= Seapo, Kansas =

Seapo was a rural community in Grant Township in Republic County, Kansas, United States, first established as Salt Marsh in 1866.

The abandoned townsite adjoins the Talmo Marsh Wildlife Area, an inland salt marsh.

== History ==
The now extinct town of Seapo was located two miles south of Wayne on the eastern edge of the Great Salt Marsh. The area that was once platted into city blocks is now nothing but open crop field.

The post office at Salt Marsh, which was the original name of Seapo, was established July 9, 1866, and was the first post office in Republic County. It was also one of only three post offices between Manhattan and Denver. The post office was discontinued September 25, 1889.

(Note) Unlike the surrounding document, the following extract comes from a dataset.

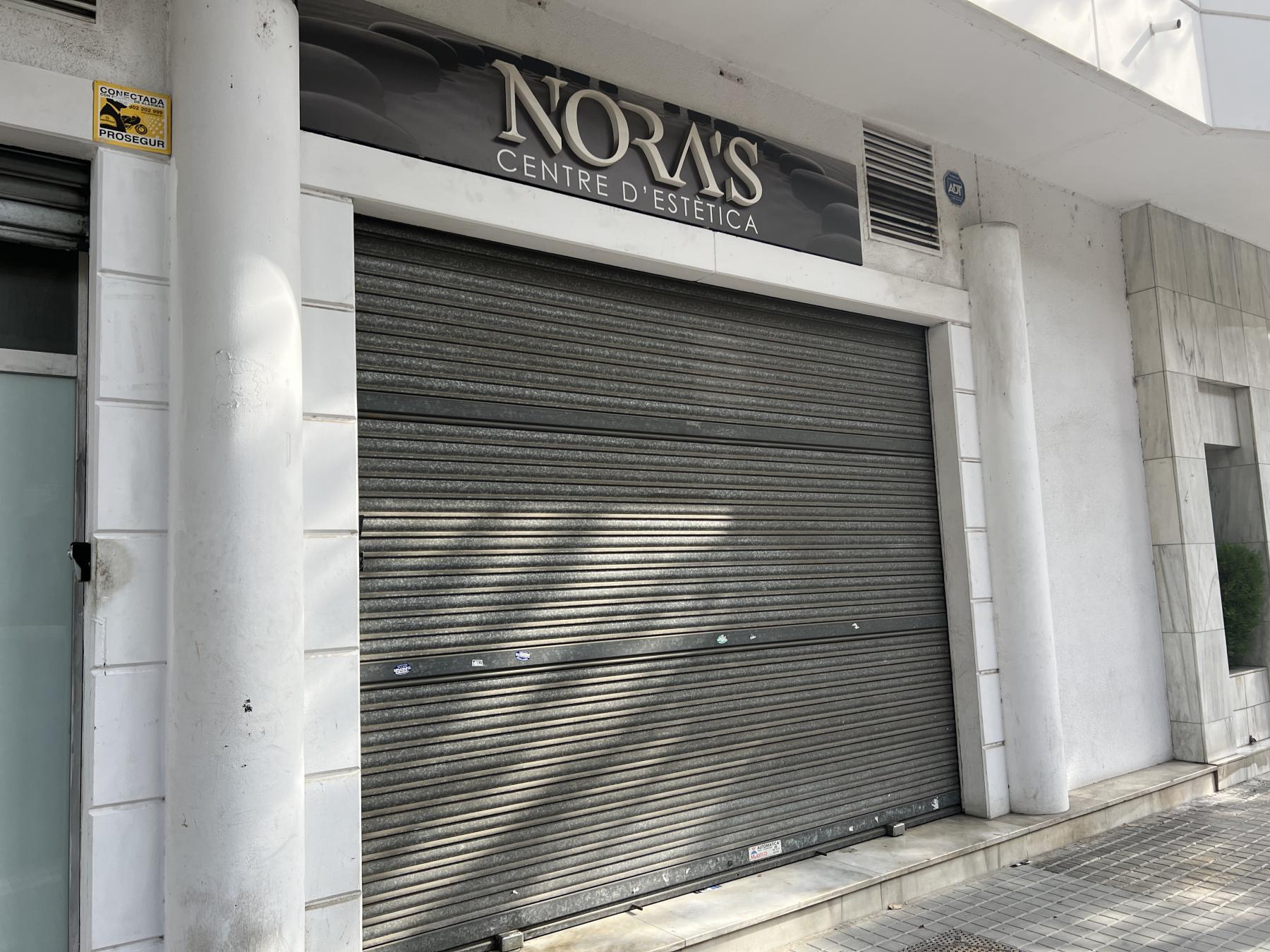 For sale of commercial in Badalona
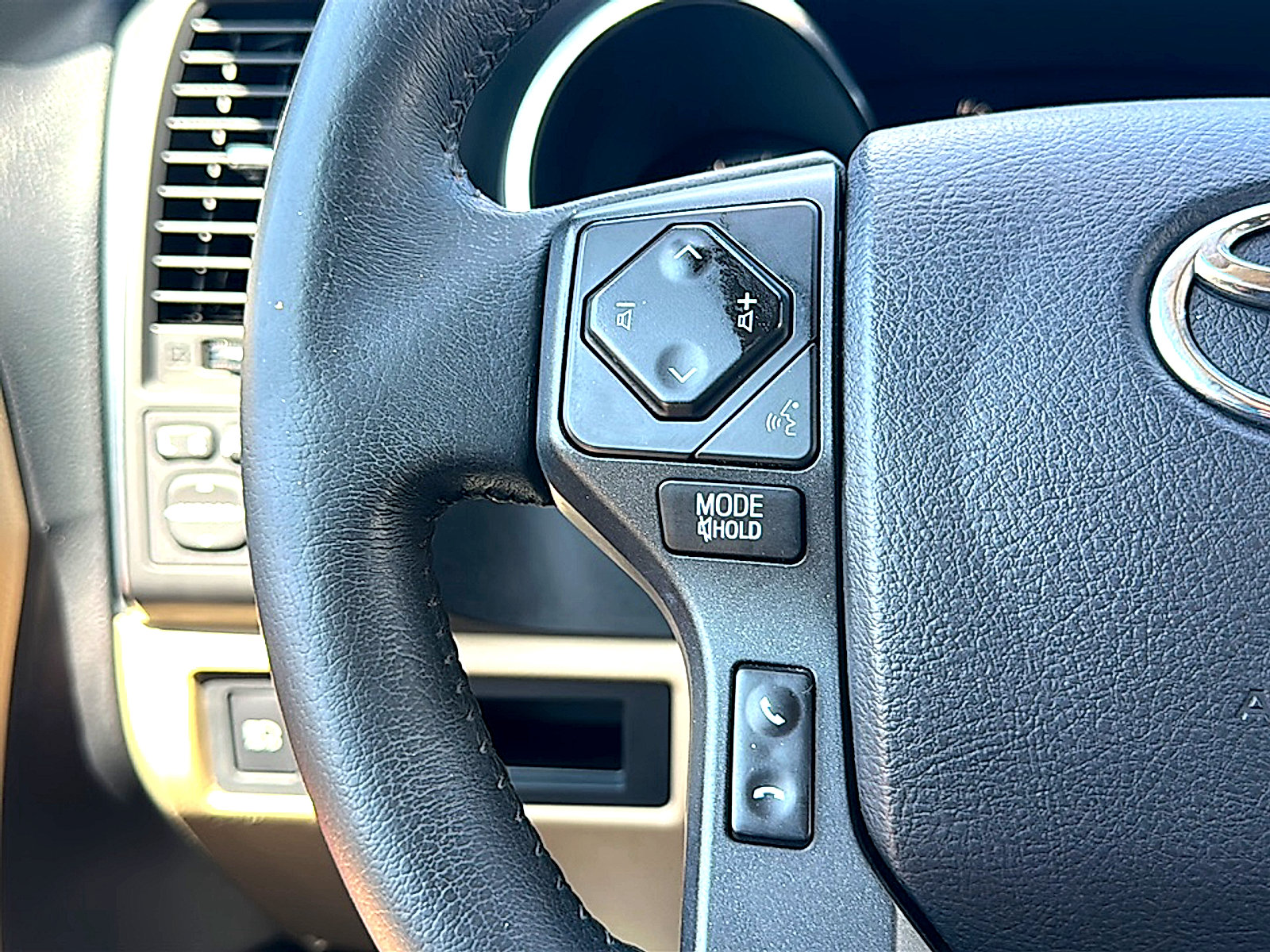 Used 2020 Toyota Sequoia Platinum RWD image 34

Seapo was the oldest village in Republic County. The town was "well laid out on a level plain", but "without tree or fence ornaments". There were three church organizations: Christian, Methodist, and Presbyterian, and a school building.

Just north of the town was a three-story gristmill. The Seapo Mill was built in 1872 by A. W. Miller, who also operated the mill. The construction of the native limestone mill cost $12,000 and was financed by T. B. Hazen, who ran a store in Seapo. The mill was originally powered by running water but later by a 45 horsepower steam engine. The mill was capable of running five run of burr stones with a capacity of 100 barrels of flour per day. The mill was converted into a house in 1898.